Handling negative emotions

Every once in a while, I have a day where enough seems to have gone wrong that I’m lodged deep in a lousy mood. Sometimes I’m not clever enough to be aware of this right away, so it persists until mindfulness finally kicks in with something to the effect of “You’re in a bad mood, and there is no reason for it unless it’s somehow helping you. Is it helping?”

It generally isn not helping. So I try to find my way out of that lousy mood using one of the techniques in this post.

The human brain is not very much like a computer. It changes its own structure constantly, stores information in locations scattered throughout the brain, and even runs two different systems (one neural and mostly cognitive, the other chemical and mostly emotional) at the same time. There’s more on this in my article about science fiction and the human brain at Clarkesworld.

But even though the brain doesn’t work the way computers do in many respects, it is capable of reboots: shutting down everything that’s currently running–including bad moods–and starting from scratch. However, reboots are not always easy. There are at least two things that get in the way.

The first is called “mood congruity”: this is the tendency of human beings to have trouble really imagining any emotional situation other than the one they’re already in. If you’re in a bad mood and you picture enjoying a nice walk outside, chances are it will be difficult for you to believe in your gut that the walk will be enjoyable–even if you have every reason to think it will be, and even if it generally has been under similar circumstances in the past. Whatever mood we’re in, we tend to imagine the future fitting the same mood. This is one reason the advice “Cheer up! Things will get better” often sounds so hollow.
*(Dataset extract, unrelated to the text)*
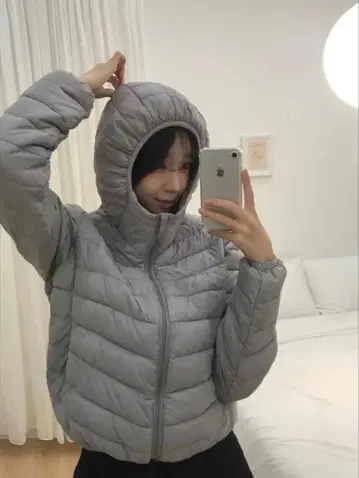 그레이 후드 부착 숏 기장 다운 자켓 한국 그레이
Mood congruity can be overcome, but it’s helpful to realize that the way our brians work, they’re a little limited at imagining an emotion while experiencing a contrary emotion.

Another barrier is that generally speaking, any mental control we have over our emotions happens by thinking (cognition), but cognition can change much more quickly than emotion, because so much of emotion has to do with chemicals like dopamine, cortisol, oxytocin, adrenaline, and others. The chemical states that influence our brains aren’t capable of changing nearly as quickly as our thoughts. We can go from thinking about a horrible tragedy to thinking about a really funny joke and back all within seconds, but our emotional state would not be able to keep up. This means that any mental effort to change mood needs to be kept up for a minute or two at least to allow emotions to catch up with cognition. It also means that idea repair doesn’t have its full effect right away, a subject I’ll be tackling in another article soon.
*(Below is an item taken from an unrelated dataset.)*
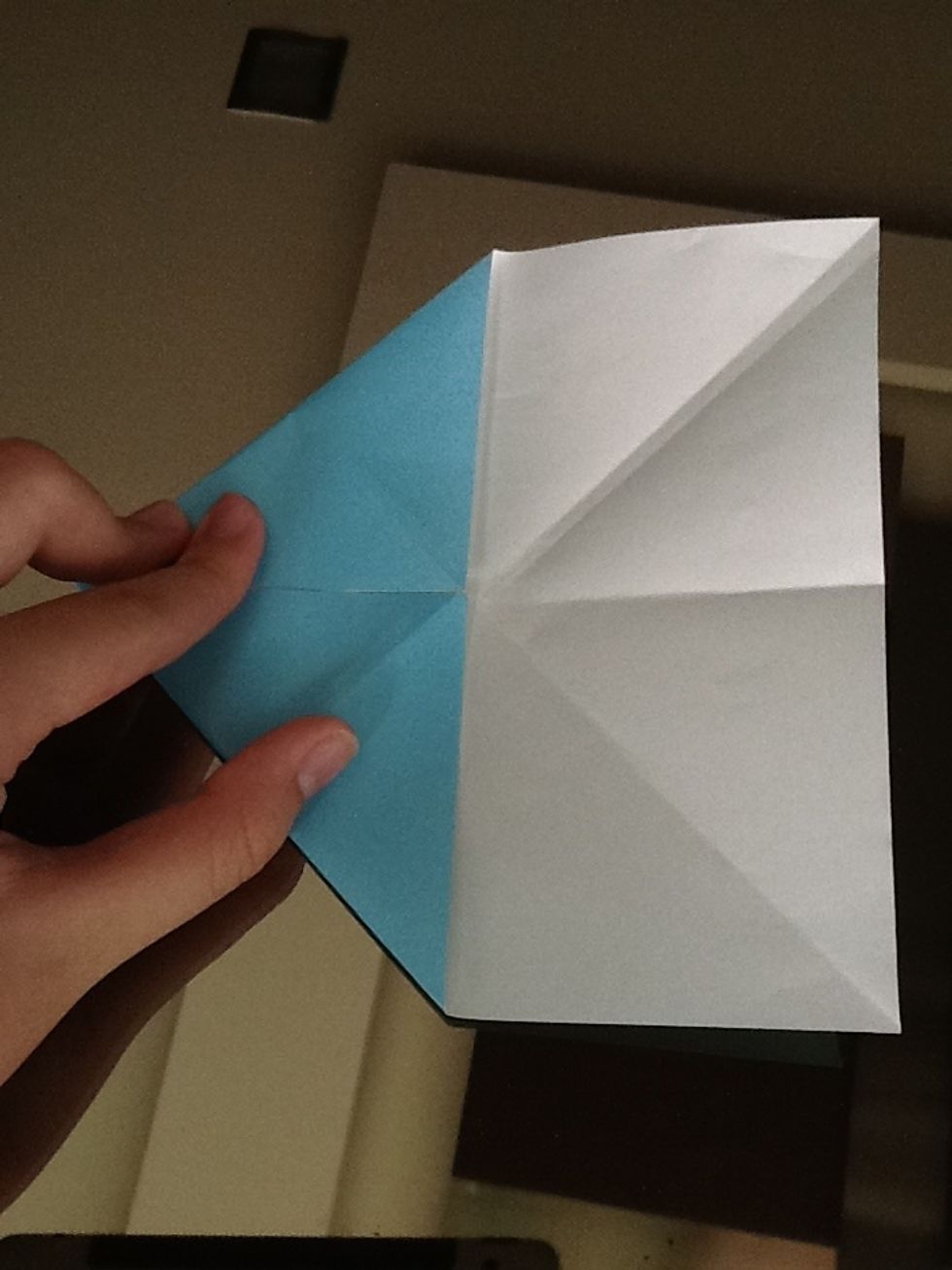 Fold it, so the tips of the triangles meet in the center of your paper. Make sure they're equal! Do the same with the others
Knowing the obstacles, what are the techniques we can use to reboot our brains? Well, computers can go through a “warm boot” (rebooting through software only) or a “cold boot” (physically restarting the computer), and the same is true of our brains. A mental cold boot can be accomplished with techniques that completely clear out what’s going on in our minds. Two excellent approaches for this are meditation (which narrows focus to a very specific subject while letting everything else kind of float away) and exercise (which creates a physiological state that tends to help us cut back to a minimum of thinking).

Techniques for warm boots change attention, immediate experience, and/or thinking. Idea repair is one very useful means to do a warm boot. Other methods include emotional antidotes; visualization; and getting into a flow state (or at least distracted by something interesting for a bit).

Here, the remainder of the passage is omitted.